An Interview With Mao Yushi
Forbes’ Simon Montlake talks to economist Mao Yushi on the need and prospects for political reform in China:
Q: Since economic reform began in 1978, the Communist Party has had a strong record of growth and poverty reduction. Does this provide legitimacy for continued one-party rule?
Mao: No, it’s not enough. The government is under big pressure.… Most people think that political reform is lagging behind. We should first have freedom of speech. I think that is probably the most important [reform]. Only in this environment can people supervise and oversee the government. After freedom of speech [there is] the right to choose the government. In China’s case, the leaders aren’t chosen by the people. They chose themselves, and we have nothing to say. That is a dangerous relationship ….
What is the biggest challenge to the leadership over the next five years?
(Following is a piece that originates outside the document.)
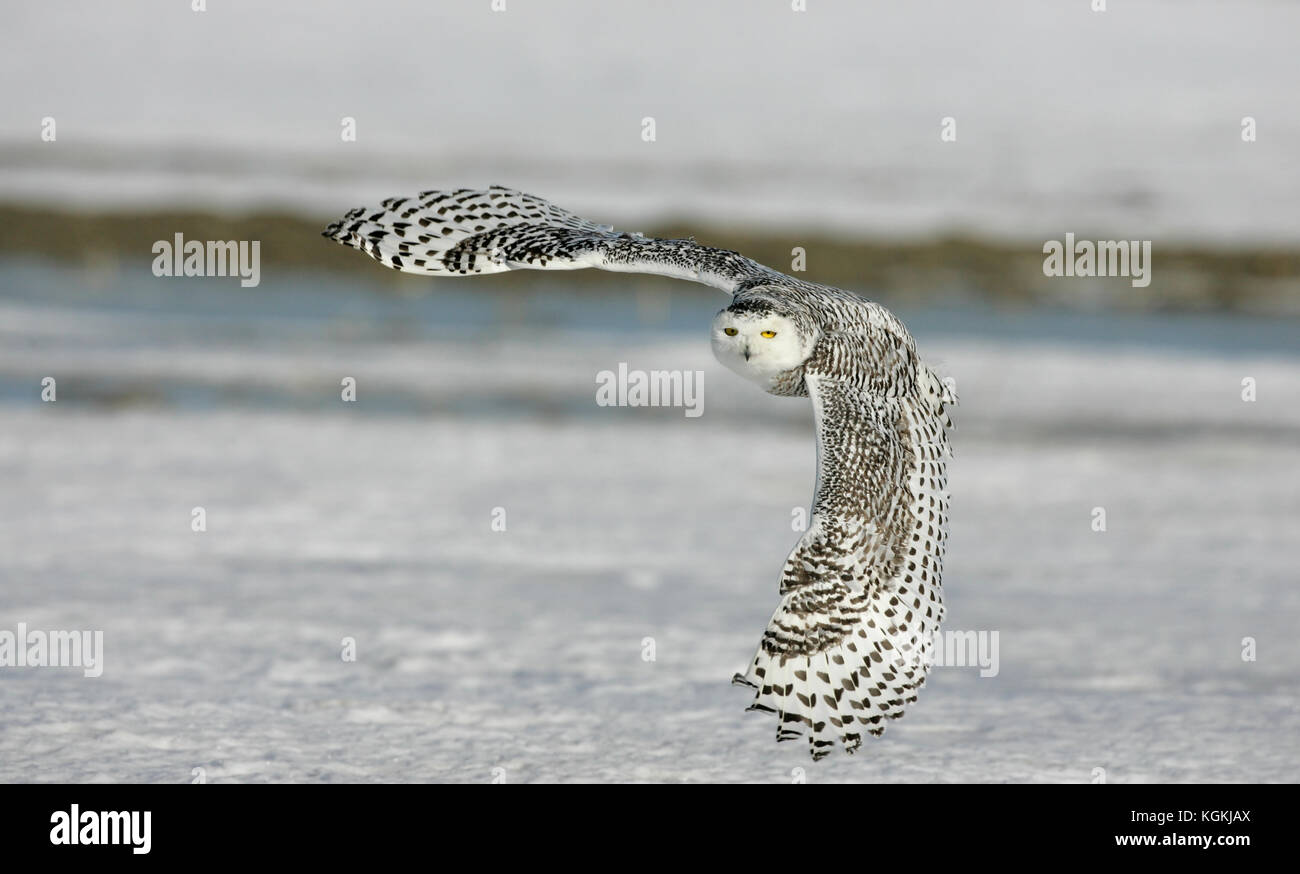 A close up image of a snowy owl flying over the snow in Canada with wings spread, turning back and looking directly at the viewer. Stock Photo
That would be the clash between vested interest groups and social justice. The law can’t control [these groups]. They have special freedom. They get extra income because of … privilege power. Big state enterprises are vested interest groups. They collude with politicians.
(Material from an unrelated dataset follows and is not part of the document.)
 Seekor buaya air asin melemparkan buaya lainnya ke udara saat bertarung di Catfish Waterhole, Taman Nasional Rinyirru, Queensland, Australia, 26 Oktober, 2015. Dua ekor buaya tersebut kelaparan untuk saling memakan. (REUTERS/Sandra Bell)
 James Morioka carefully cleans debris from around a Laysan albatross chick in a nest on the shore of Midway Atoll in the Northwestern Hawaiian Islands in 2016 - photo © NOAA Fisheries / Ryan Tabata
Mao also discusses the surprisingly strong reaction to his iconoclastic essay on Mao Zedong last year. A focal point of the outrage that followed was the leftist Utopia website, where users looked forward to the economist’s “annihilation”. But when Utopia was forced offline following Bo Xilai’s fall from grace, Mao spoke up in its defence. From his Sina Weibo account, on March 28th:
The authorities have shut down Utopia and other sites, but I hope there will still be a chance to reason things out. Although I disagree with the Utopians’ points of view, their right to express them is inalienable. [But] I also hope they will no longer libel people, saying that they’re traitors to China, and urging people to kill them and steal their property. The point of freedom of expression is for one to clearly set out one’s points of view, not to harm others or to vent one’s spleen. These are not desirable social phenomena.
Mao was recently awarded the 2012 Milton Friedman Liberty Prize by the Washington-based Cato Institute, which said that “the arc of his life has been one of well-measured action in the pursuit of liberty.”